» Task instructions: An exact copy of the lines of the listing below between the "Faraday Grove, Bensham, Gateshead - Photo 4" line and the "Steenstraat 24 Didam thumbnail 38" line, both included, is the whole answer; please omit the pictures.

» Data records:
%%
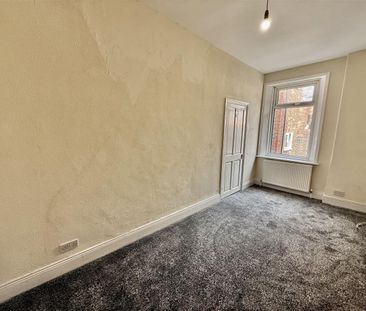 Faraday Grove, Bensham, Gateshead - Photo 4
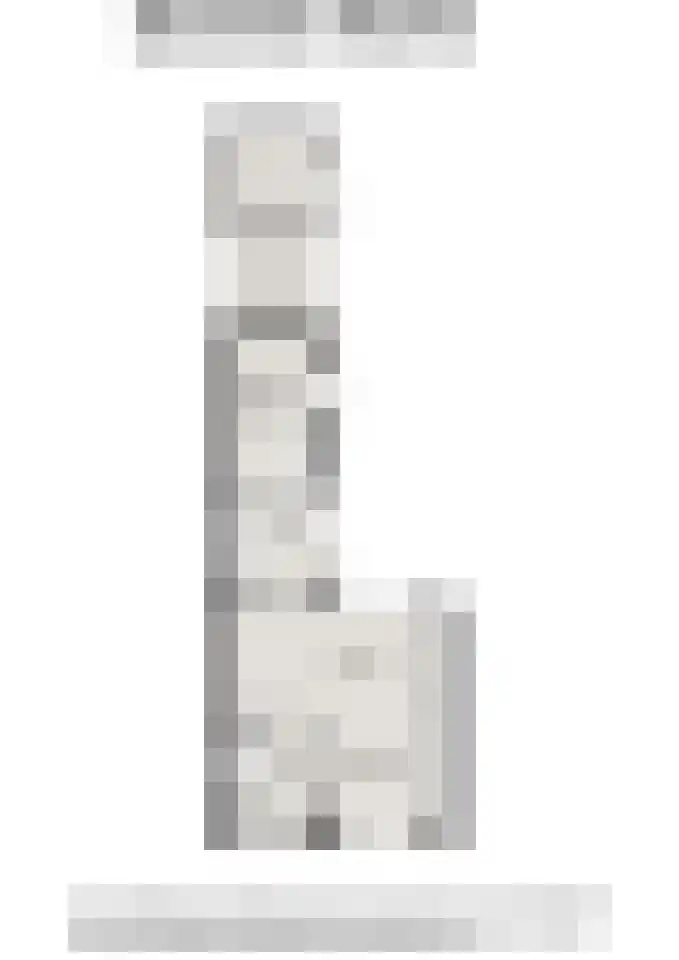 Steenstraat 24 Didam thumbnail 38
%%
%%
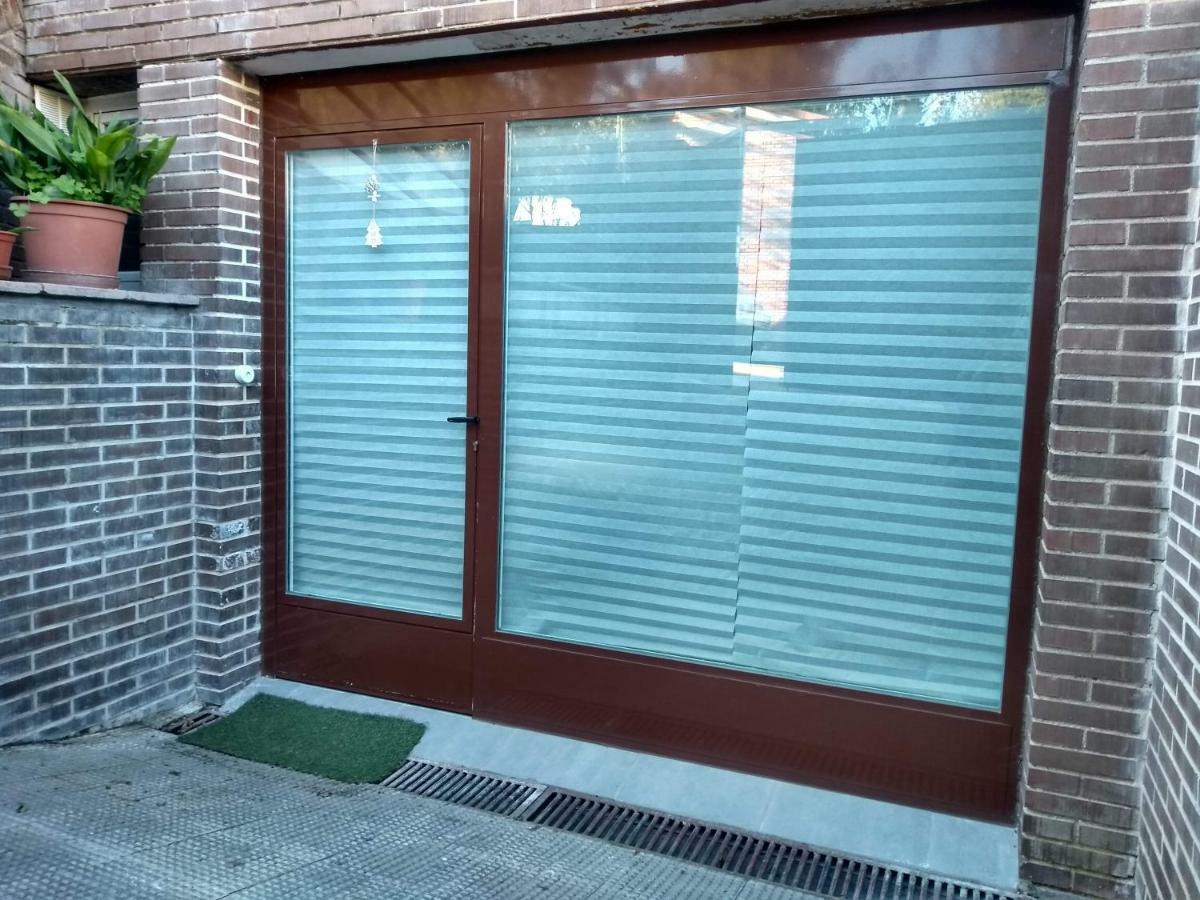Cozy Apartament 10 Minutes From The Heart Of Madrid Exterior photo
%%
%%
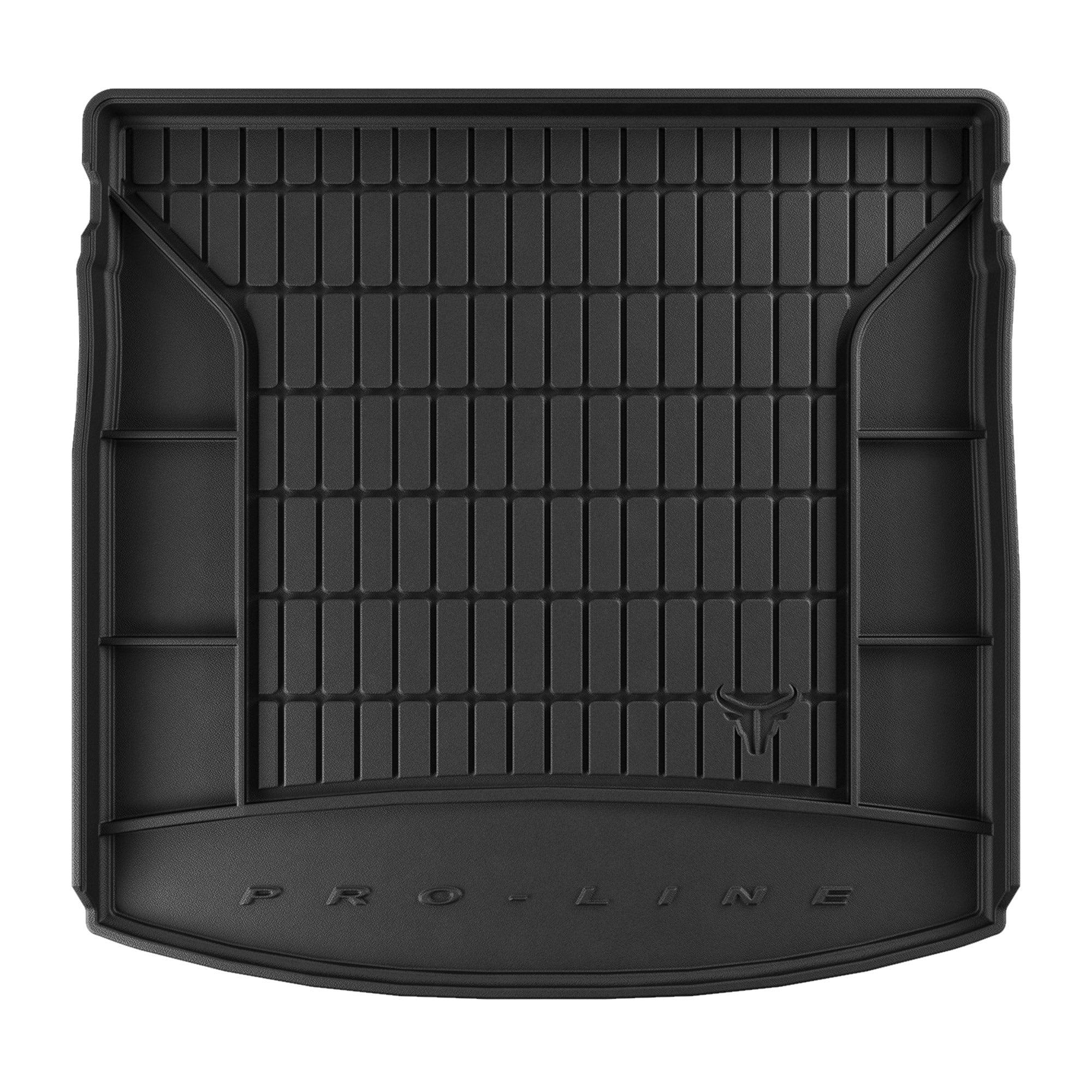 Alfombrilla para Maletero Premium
%%
» Result:
 Faraday Grove, Bensham, Gateshead - Photo 4
 Steenstraat 24 Didam thumbnail 38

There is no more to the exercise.